[Short web captions]
--*--
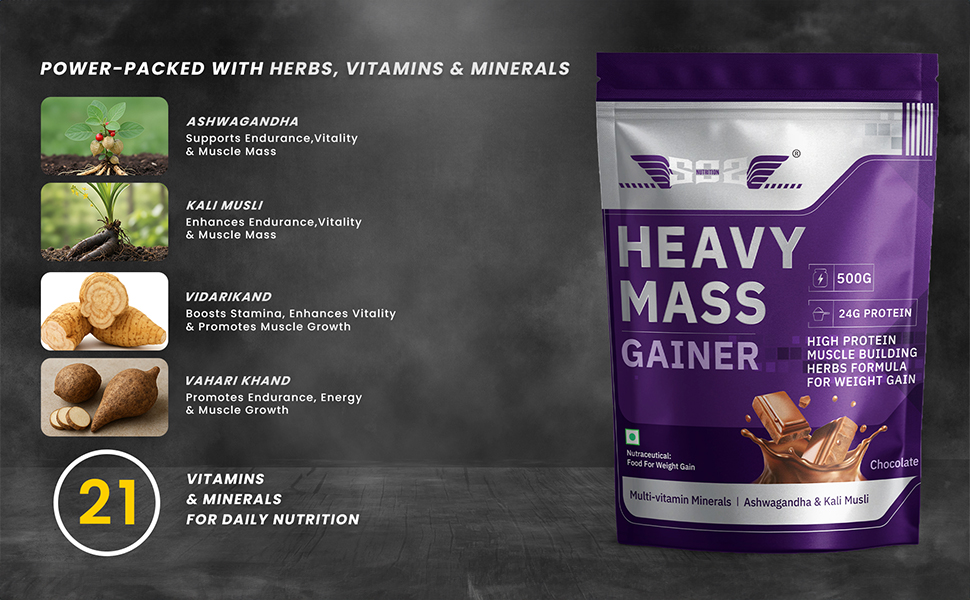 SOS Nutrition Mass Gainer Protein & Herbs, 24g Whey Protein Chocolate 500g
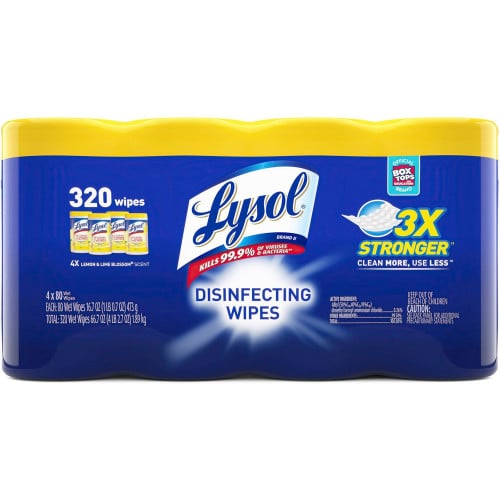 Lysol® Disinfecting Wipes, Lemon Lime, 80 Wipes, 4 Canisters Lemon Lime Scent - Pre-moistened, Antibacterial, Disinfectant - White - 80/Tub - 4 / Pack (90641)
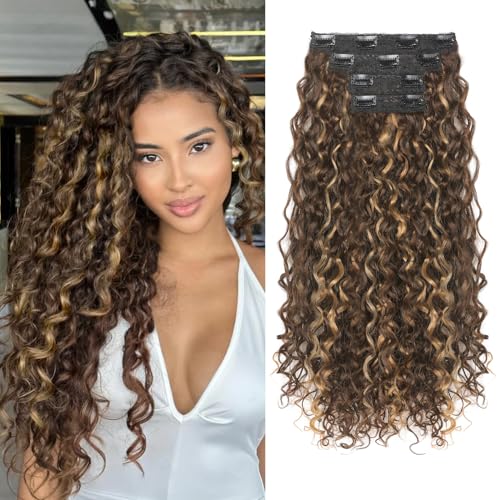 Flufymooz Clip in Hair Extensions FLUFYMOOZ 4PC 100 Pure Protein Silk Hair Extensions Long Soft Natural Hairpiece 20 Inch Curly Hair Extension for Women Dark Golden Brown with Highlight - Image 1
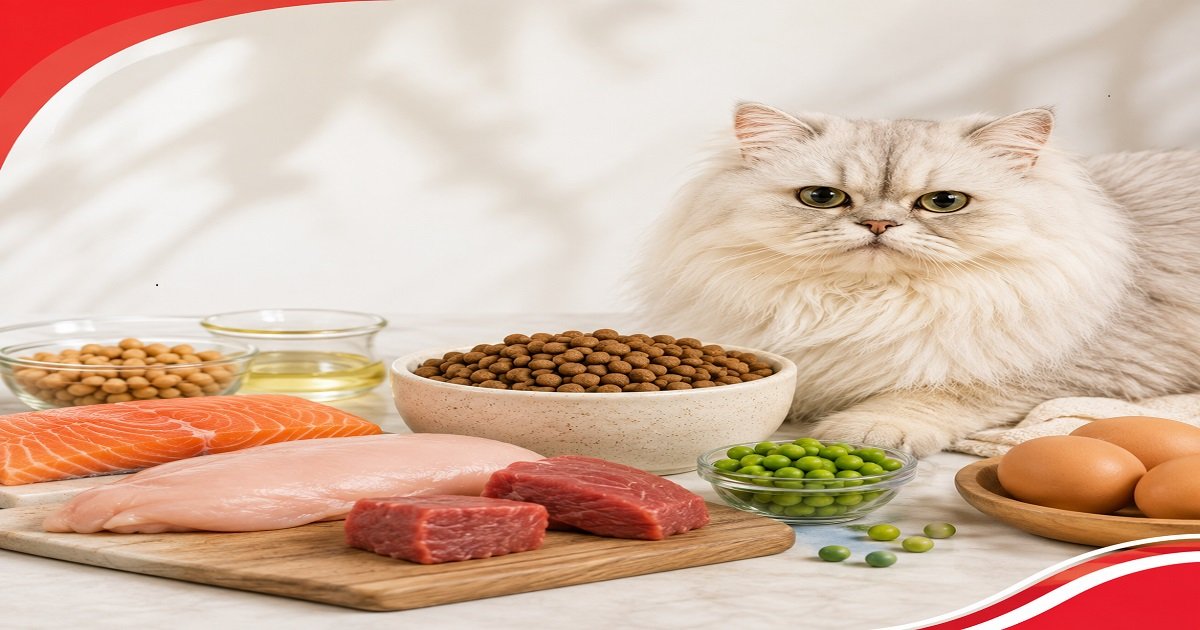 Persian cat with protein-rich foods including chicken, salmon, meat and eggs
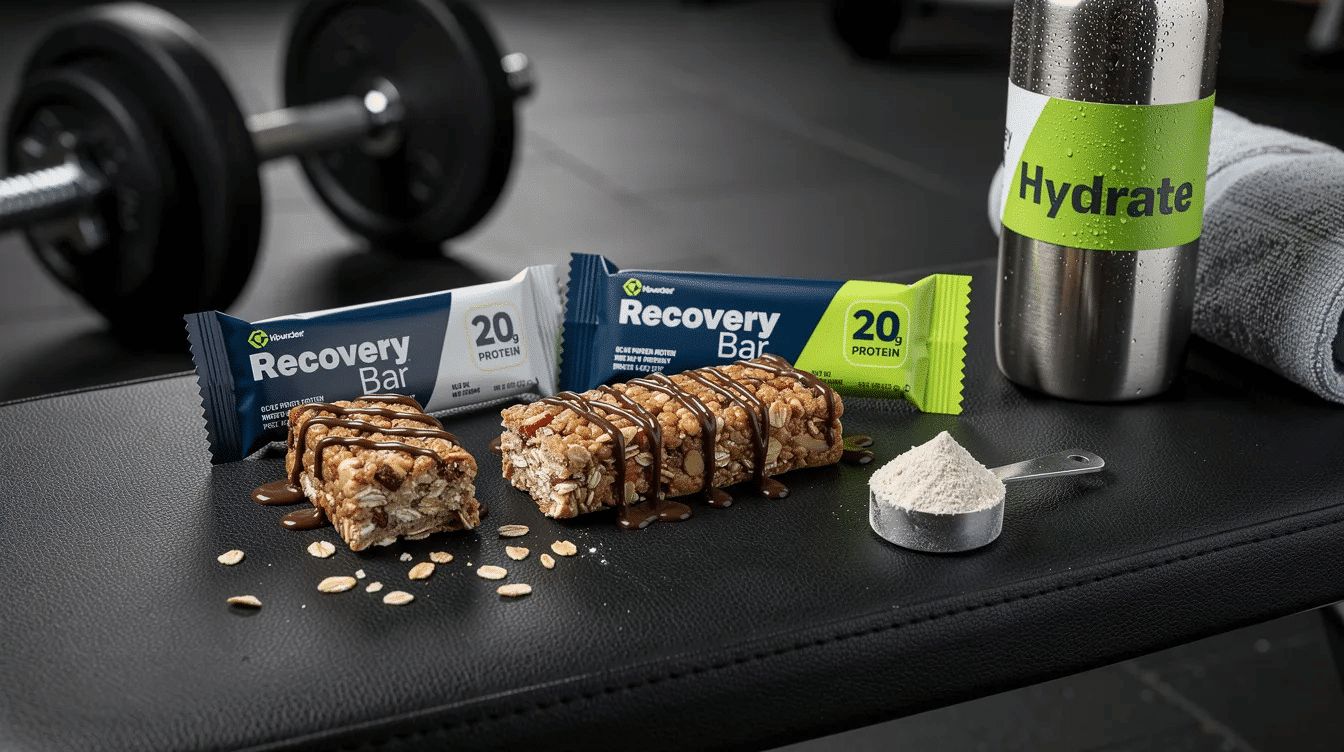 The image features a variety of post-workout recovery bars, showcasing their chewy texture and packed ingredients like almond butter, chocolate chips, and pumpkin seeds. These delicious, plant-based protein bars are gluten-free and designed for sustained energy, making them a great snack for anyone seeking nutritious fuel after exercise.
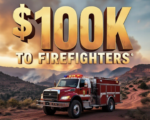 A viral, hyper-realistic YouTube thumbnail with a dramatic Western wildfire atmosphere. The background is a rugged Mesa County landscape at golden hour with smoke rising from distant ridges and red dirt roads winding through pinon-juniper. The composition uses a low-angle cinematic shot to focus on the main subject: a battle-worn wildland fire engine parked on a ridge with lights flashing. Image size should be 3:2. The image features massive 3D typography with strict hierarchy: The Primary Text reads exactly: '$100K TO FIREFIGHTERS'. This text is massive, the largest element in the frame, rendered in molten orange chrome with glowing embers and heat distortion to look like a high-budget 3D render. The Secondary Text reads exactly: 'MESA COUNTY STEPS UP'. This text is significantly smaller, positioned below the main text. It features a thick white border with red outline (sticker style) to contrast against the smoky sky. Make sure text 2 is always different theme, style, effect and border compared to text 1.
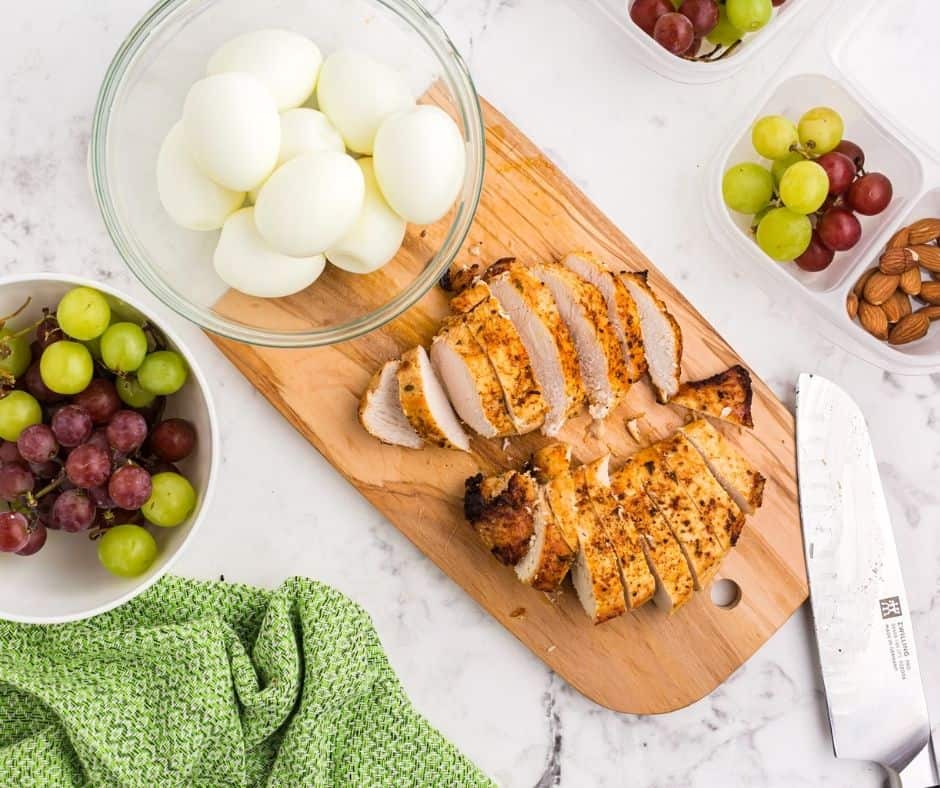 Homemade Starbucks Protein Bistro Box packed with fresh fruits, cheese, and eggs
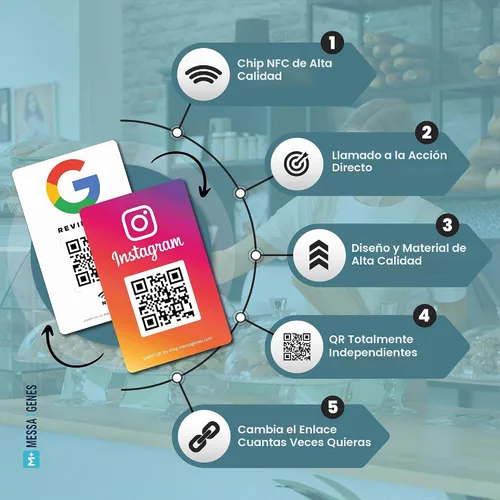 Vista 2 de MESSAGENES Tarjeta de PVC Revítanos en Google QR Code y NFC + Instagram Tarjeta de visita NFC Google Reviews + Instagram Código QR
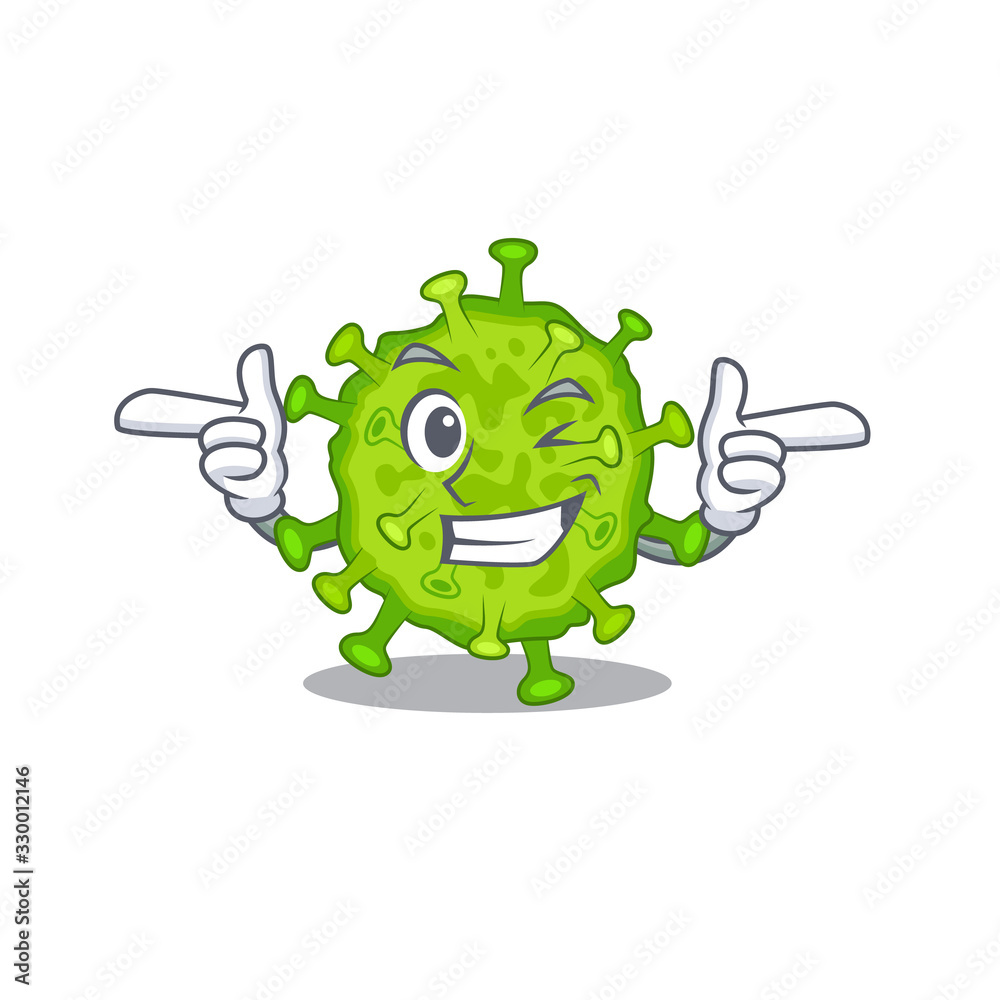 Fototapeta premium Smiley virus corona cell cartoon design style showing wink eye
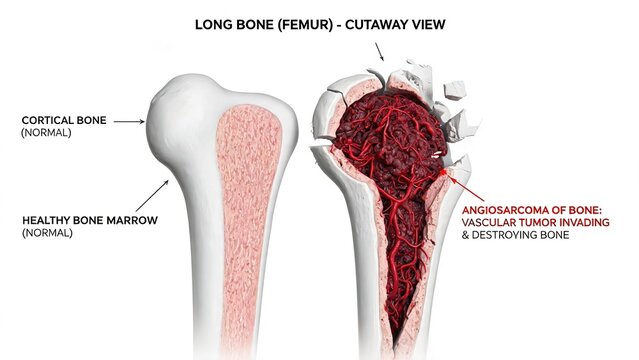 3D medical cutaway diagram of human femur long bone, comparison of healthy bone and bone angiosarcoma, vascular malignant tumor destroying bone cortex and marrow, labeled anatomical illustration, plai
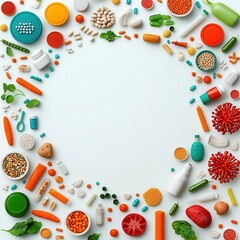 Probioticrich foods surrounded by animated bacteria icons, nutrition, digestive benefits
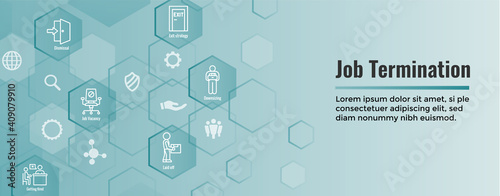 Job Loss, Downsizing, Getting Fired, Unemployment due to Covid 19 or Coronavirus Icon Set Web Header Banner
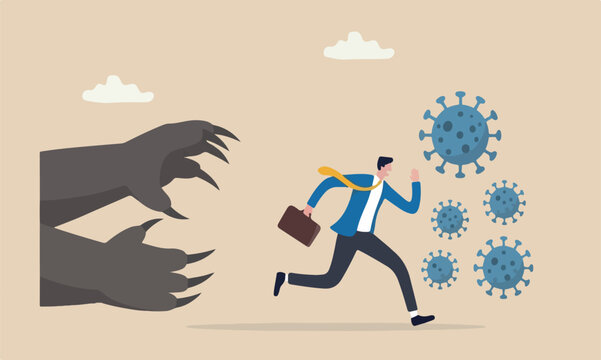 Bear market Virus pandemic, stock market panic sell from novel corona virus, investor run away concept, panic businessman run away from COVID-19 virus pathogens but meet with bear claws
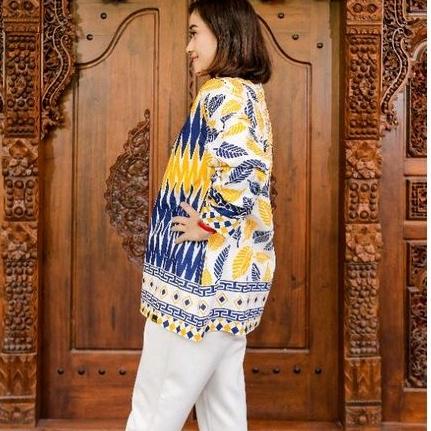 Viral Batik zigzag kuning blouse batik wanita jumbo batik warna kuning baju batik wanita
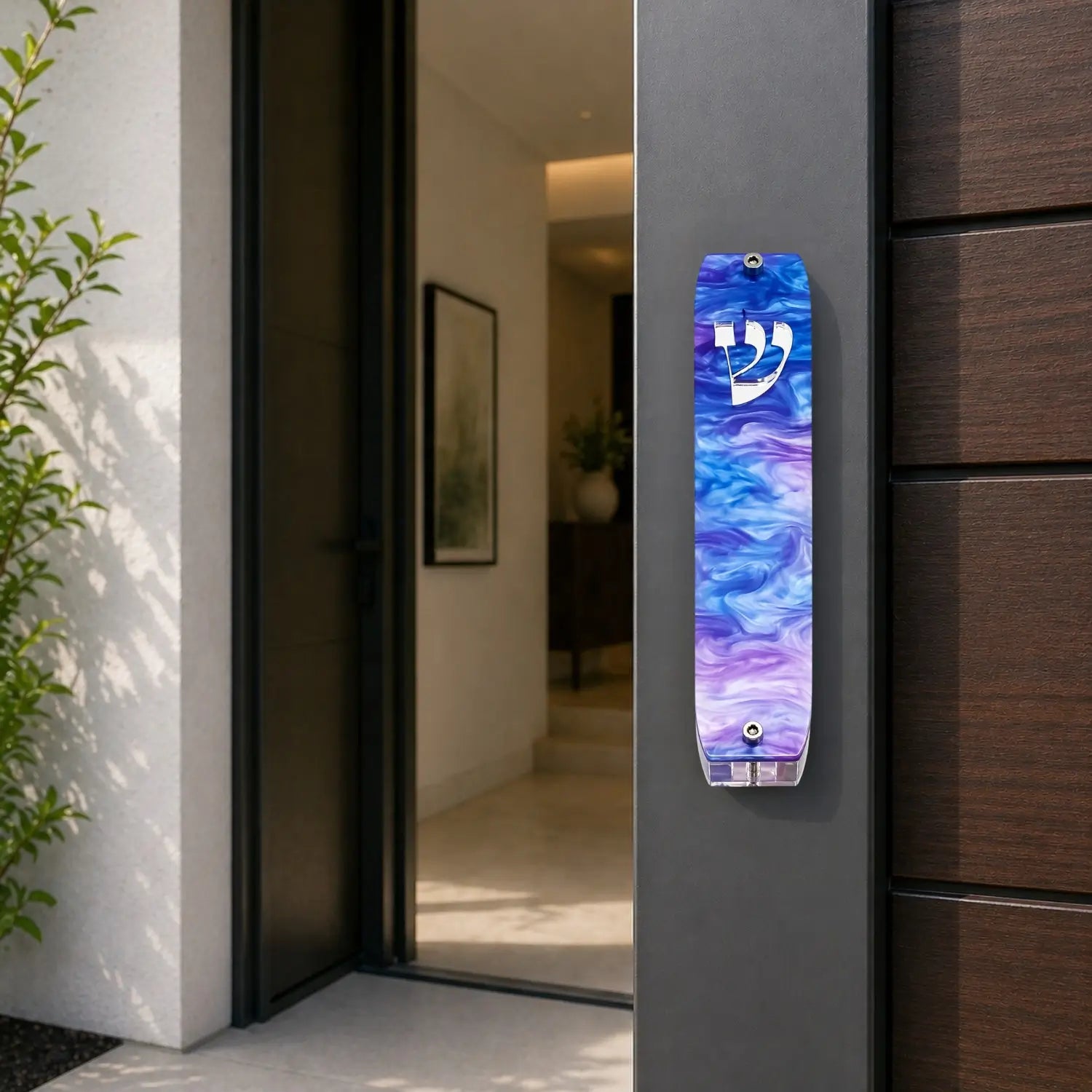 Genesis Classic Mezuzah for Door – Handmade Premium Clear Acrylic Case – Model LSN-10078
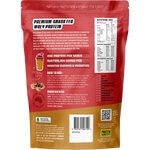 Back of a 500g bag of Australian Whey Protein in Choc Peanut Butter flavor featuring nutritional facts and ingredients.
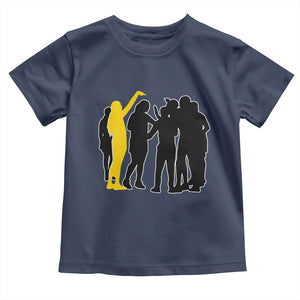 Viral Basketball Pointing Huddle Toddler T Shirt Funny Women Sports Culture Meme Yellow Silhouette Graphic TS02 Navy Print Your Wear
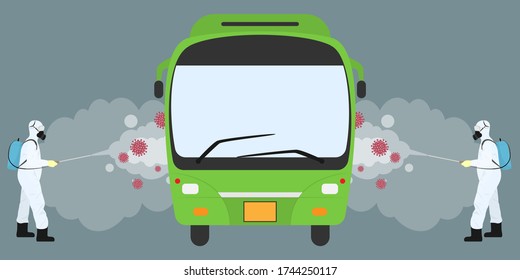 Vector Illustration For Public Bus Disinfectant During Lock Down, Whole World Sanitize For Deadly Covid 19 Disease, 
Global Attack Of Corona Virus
--*--
WHAT YOU WILL DO>
Each entry gets copied exactly; the pictures stay out.

RESULT FOR THIS EXERCISE>
 SOS Nutrition Mass Gainer Protein & Herbs, 24g Whey Protein Chocolate 500g
 Lysol® Disinfecting Wipes, Lemon Lime, 80 Wipes, 4 Canisters Lemon Lime Scent - Pre-moistened, Antibacterial, Disinfectant - White - 80/Tub - 4 / Pack (90641)
 Flufymooz Clip in Hair Extensions FLUFYMOOZ 4PC 100 Pure Protein Silk Hair Extensions Long Soft Natural Hairpiece 20 Inch Curly Hair Extension for Women Dark Golden Brown with Highlight - Image 1
 Persian cat with protein-rich foods including chicken, salmon, meat and eggs
 The image features a variety of post-workout recovery bars, showcasing their chewy texture and packed ingredients like almond butter, chocolate chips, and pumpkin seeds. These delicious, plant-based protein bars are gluten-free and designed for sustained energy, making them a great snack for anyone seeking nutritious fuel after exercise.
 A viral, hyper-realistic YouTube thumbnail with a dramatic Western wildfire atmosphere. The background is a rugged Mesa County landscape at golden hour with smoke rising from distant ridges and red dirt roads winding through pinon-juniper. The composition uses a low-angle cinematic shot to focus on the main subject: a battle-worn wildland fire engine parked on a ridge with lights flashing. Image size should be 3:2. The image features massive 3D typography with strict hierarchy: The Primary Text reads exactly: '$100K TO FIREFIGHTERS'. This text is massive, the largest element in the frame, rendered in molten orange chrome with glowing embers and heat distortion to look like a high-budget 3D render. The Secondary Text reads exactly: 'MESA COUNTY STEPS UP'. This text is significantly smaller, positioned below the main text. It features a thick white border with red outline (sticker style) to contrast against the smoky sky. Make sure text 2 is always different theme, style, effect and border compared to text 1.
 Homemade Starbucks Protein Bistro Box packed with fresh fruits, cheese, and eggs
 Vista 2 de MESSAGENES Tarjeta de PVC Revítanos en Google QR Code y NFC + Instagram Tarjeta de visita NFC Google Reviews + Instagram Código QR
 Fototapeta premium Smiley virus corona cell cartoon design style showing wink eye
 3D medical cutaway diagram of human femur long bone, comparison of healthy bone and bone angiosarcoma, vascular malignant tumor destroying bone cortex and marrow, labeled anatomical illustration, plai
 Probioticrich foods surrounded by animated bacteria icons, nutrition, digestive benefits
 Job Loss, Downsizing, Getting Fired, Unemployment due to Covid 19 or Coronavirus Icon Set Web Header Banner
 Bear market Virus pandemic, stock market panic sell from novel corona virus, investor run away concept, panic businessman run away from COVID-19 virus pathogens but meet with bear claws
 Viral Batik zigzag kuning blouse batik wanita jumbo batik warna kuning baju batik wanita
 Genesis Classic Mezuzah for Door – Handmade Premium Clear Acrylic Case – Model LSN-10078
 Back of a 500g bag of Australian Whey Protein in Choc Peanut Butter flavor featuring nutritional facts and ingredients.
 Viral Basketball Pointing Huddle Toddler T Shirt Funny Women Sports Culture Meme Yellow Silhouette Graphic TS02 Navy Print Your Wear
 Vector Illustration For Public Bus Disinfectant During Lock Down, Whole World Sanitize For Deadly Covid 19 Disease, 
Global Attack Of Corona Virus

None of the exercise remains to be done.